Edge Computing in IoT: When to Process On-Device vs In the Cloud
"Just send everything to the cloud and process it there" sounds simple, but it creates systems that are slow, expensive, and fragile. Every byte you transmit costs money and power. Every cloud round-trip adds latency. Every connectivity hiccup risks a system failure.
The right question isn't "cloud or edge?" — it's "what belongs where?" The answer is different for every data type, use case, and business constraint.
The Decision Framework
Ask these four questions for each processing task:
1. Latency: How fast must action be taken?
< 10ms required → On-device only
10ms – 100ms → Edge gateway
100ms – 2 seconds → Cloud feasible (good connectivity)
2 seconds → Cloud fine, batch processing also viable
A conveyor belt safety system that must stop the motor if a hand is detected has a latency budget of ~10ms — no cloud round-trip can meet this. The inference must run on-device.
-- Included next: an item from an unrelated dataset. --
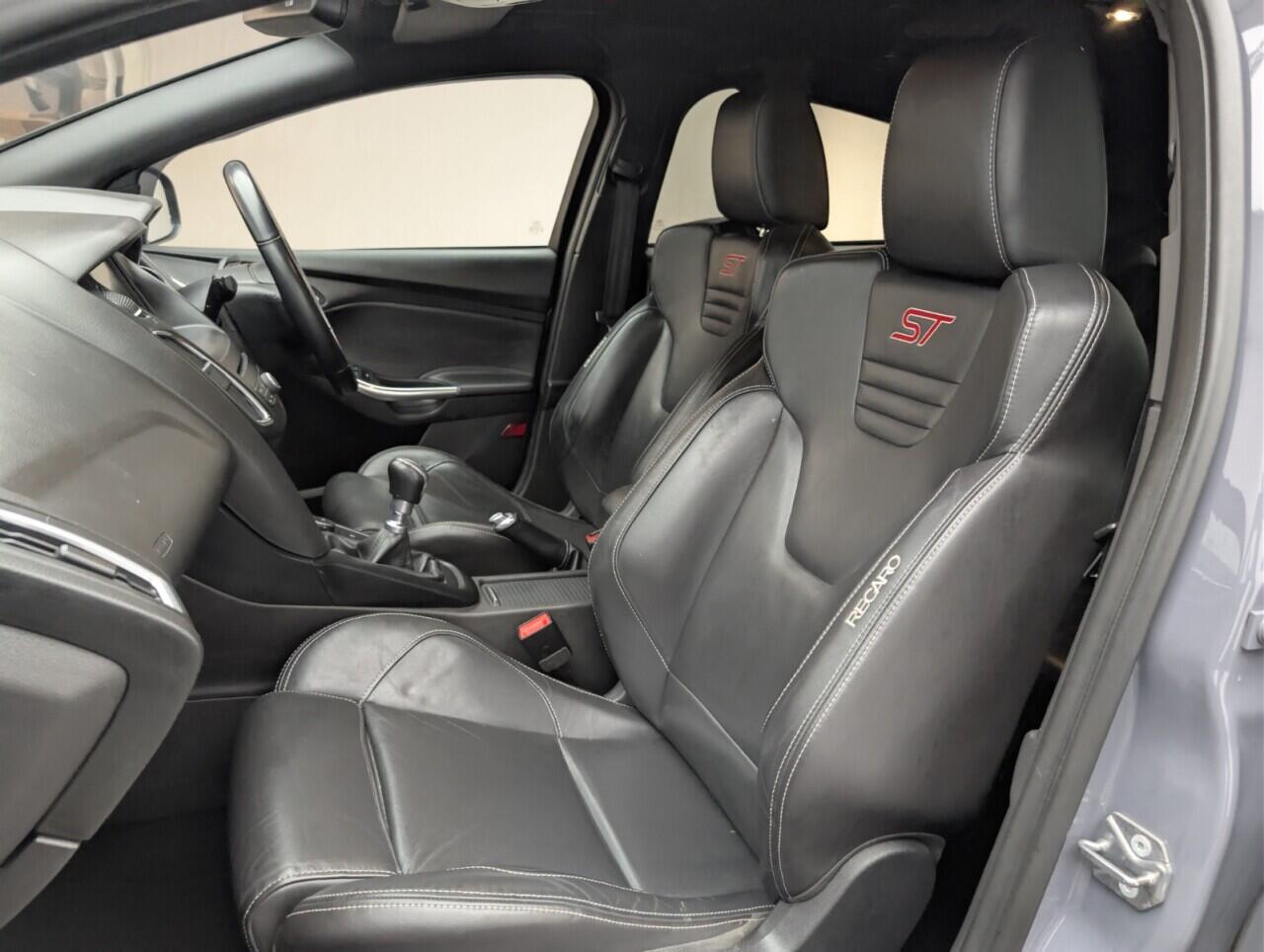 Used Ford Focus 2015 for sale - 76742353: Photo 29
A temperature alert that sends a notification when a server room overheats has a budget of several seconds. Cloud processing is fine.
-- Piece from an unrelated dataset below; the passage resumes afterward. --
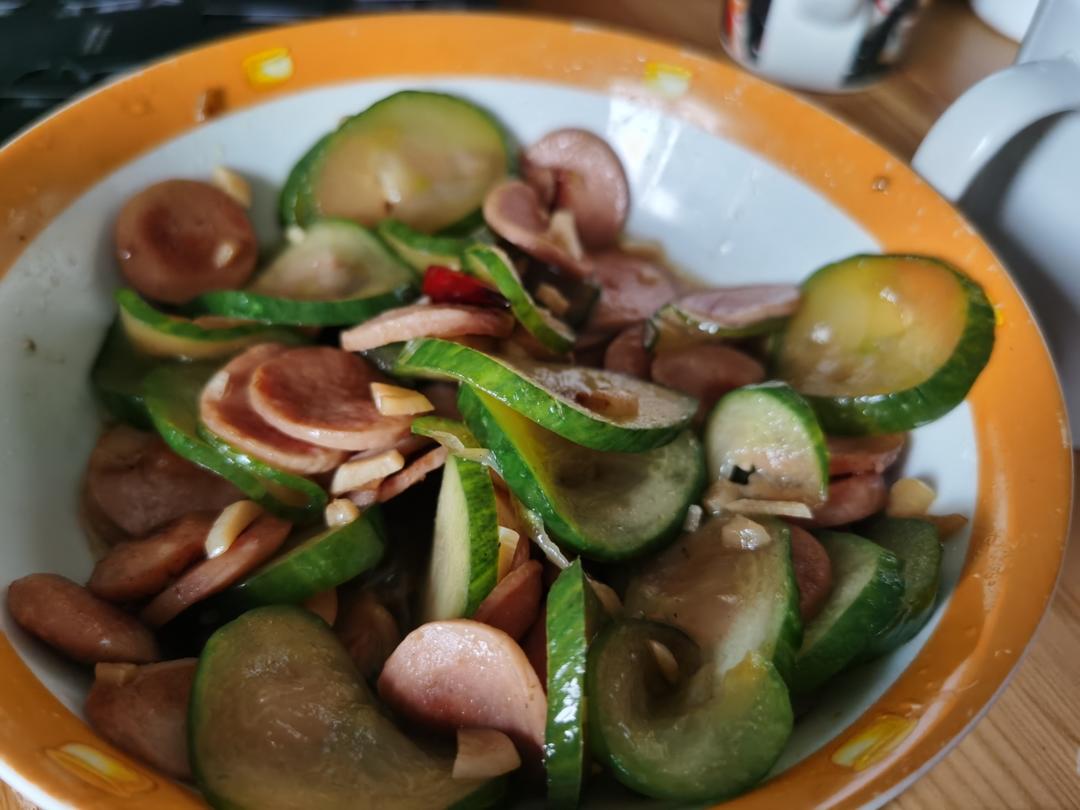 黄瓜炒火腿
2. Bandwidth: How much data does the raw stream generate?
| Sensor type | Raw data rate | Cloud-viable? | |-------------|-------------|---------------| | Temperature (1 Hz) | 8 bytes/s | Yes | | GPS (1 Hz) | 20 bytes/s | Yes | | Audio (16kHz, 16-bit) | 32 KB/s | Marginal | | Vibration (10kHz, 3-axis) | 240 KB/s | No — process at edge | | HD video (720p) | 2 MB/s | No — run inference at edge |
High-frequency sensors almost always require edge processing to reduce data to meaningful events or aggregates before cloud upload.
3. Privacy: Can this data leave the device/facility?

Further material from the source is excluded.